## PROBLEM TO WORK ON
Every line of the material must be given again verbatim. Skip the images.

## GIVEN RECORDS
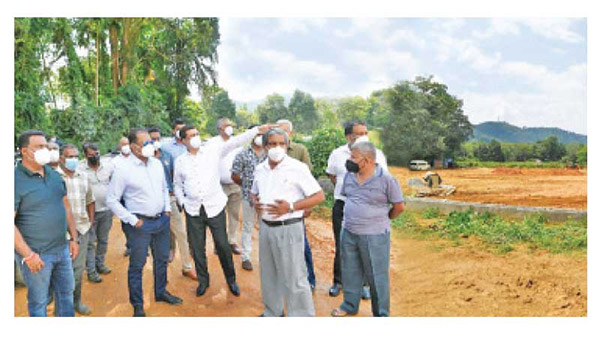 Fully equipped int’l standard cricket ground to Ratnapura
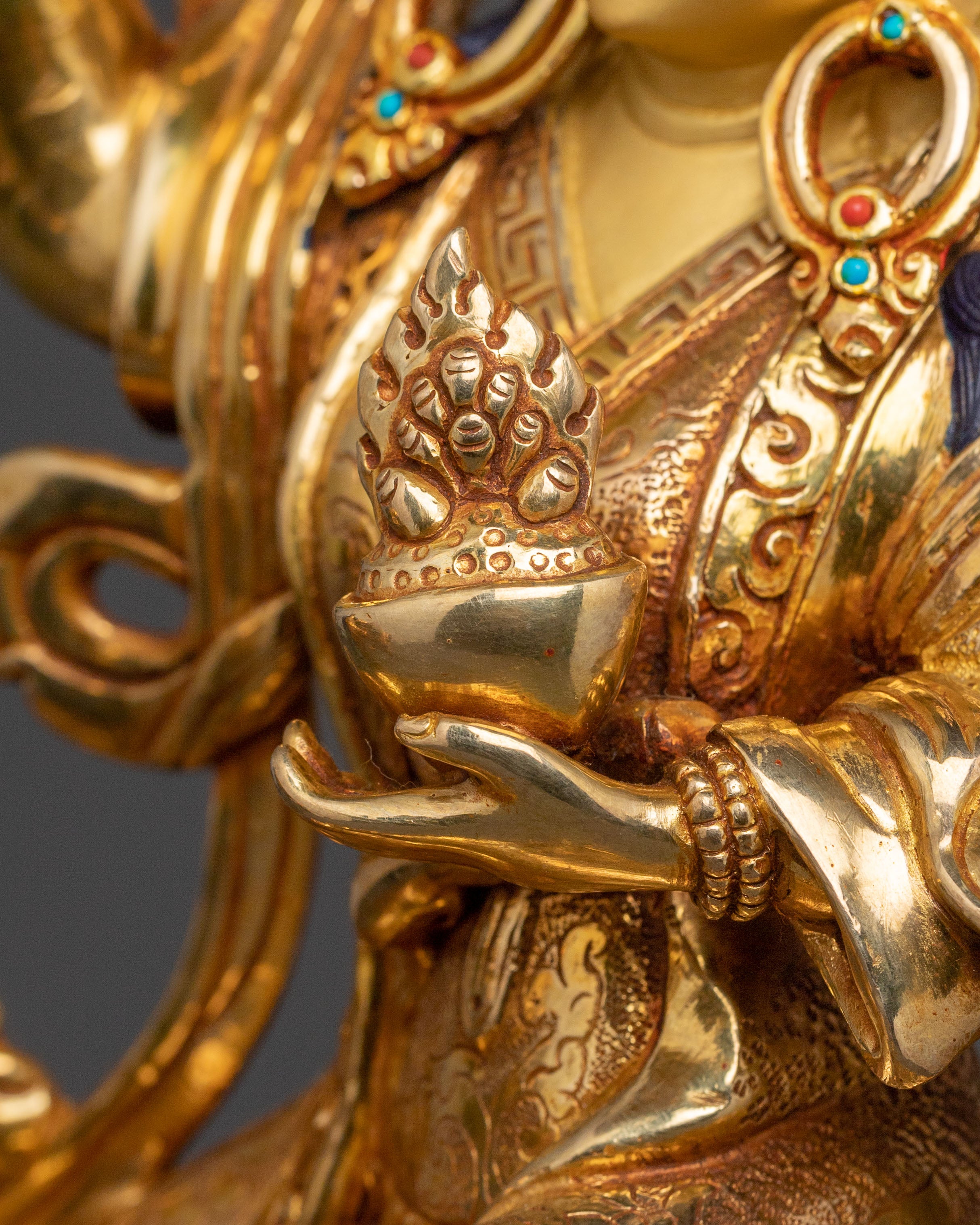 Achi Chokyi Drolma Sacred Sculpture | Sacred Figure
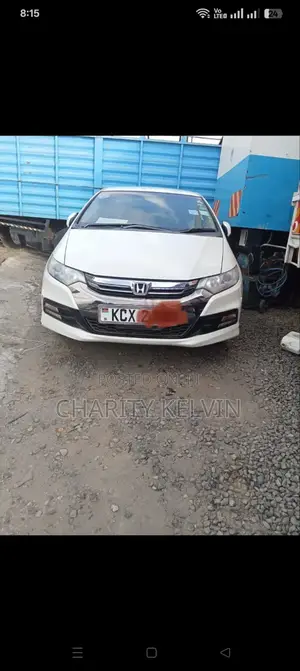 Honda Insight 2010 White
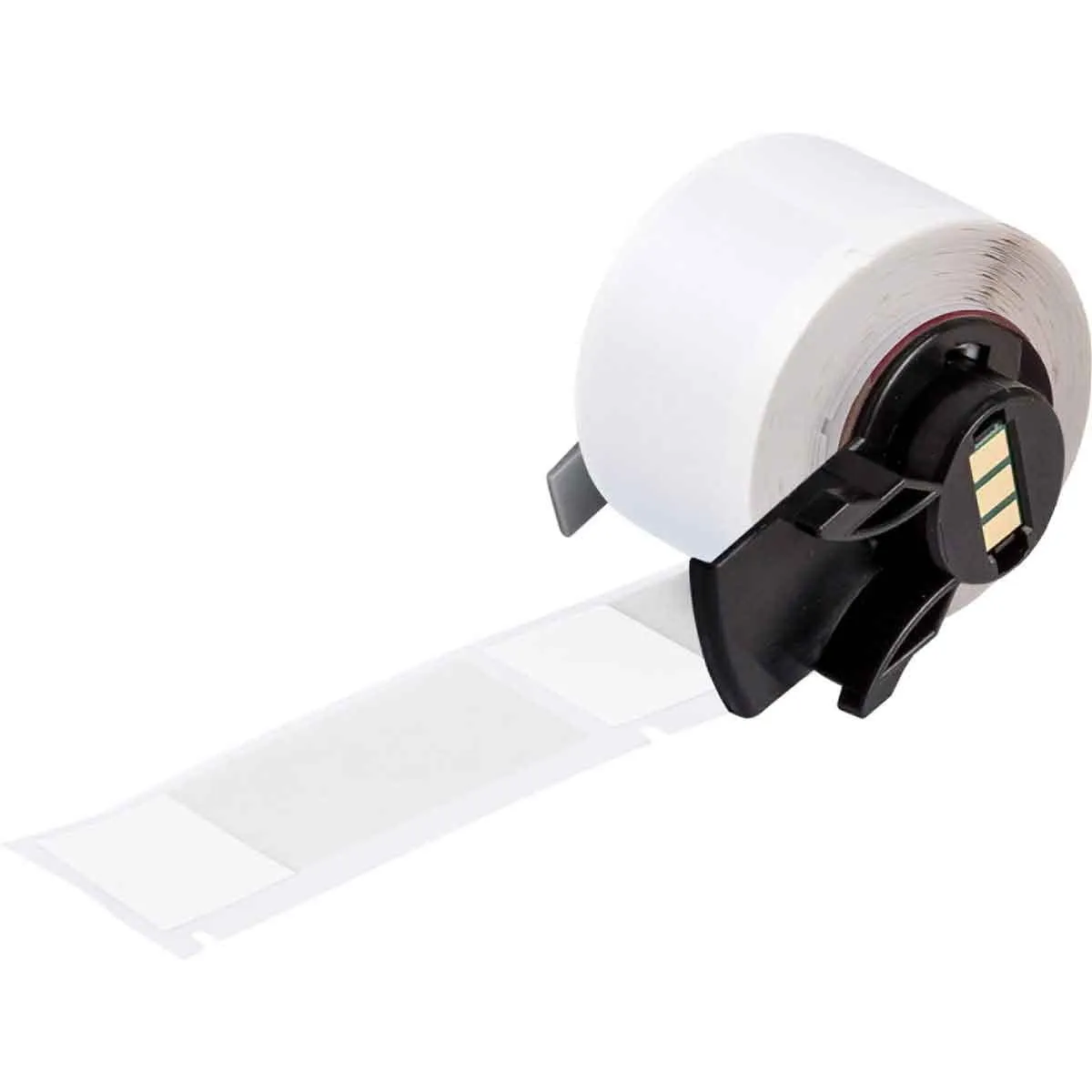 BRADY M6-21-427 — SELF-LAMINATING VINYL WRAP AROUND WIRE AND CABLE LABELS FOR M6 M7 PRINTERS - 2.5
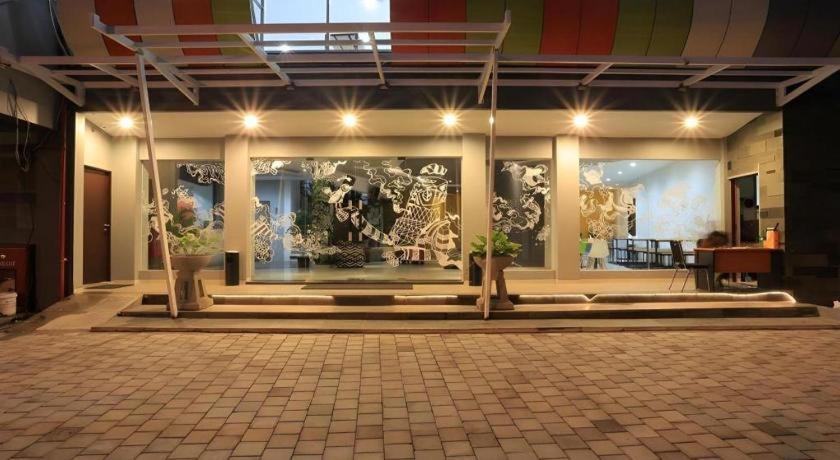 Fizz Hotel Lombok Gili Trawangan Exterior photo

## ANSWER FOR THE TASK
 Fully equipped int’l standard cricket ground to Ratnapura
 Achi Chokyi Drolma Sacred Sculpture | Sacred Figure
 Honda Insight 2010 White
 BRADY M6-21-427 — SELF-LAMINATING VINYL WRAP AROUND WIRE AND CABLE LABELS FOR M6 M7 PRINTERS - 2.5
 Fizz Hotel Lombok Gili Trawangan Exterior photo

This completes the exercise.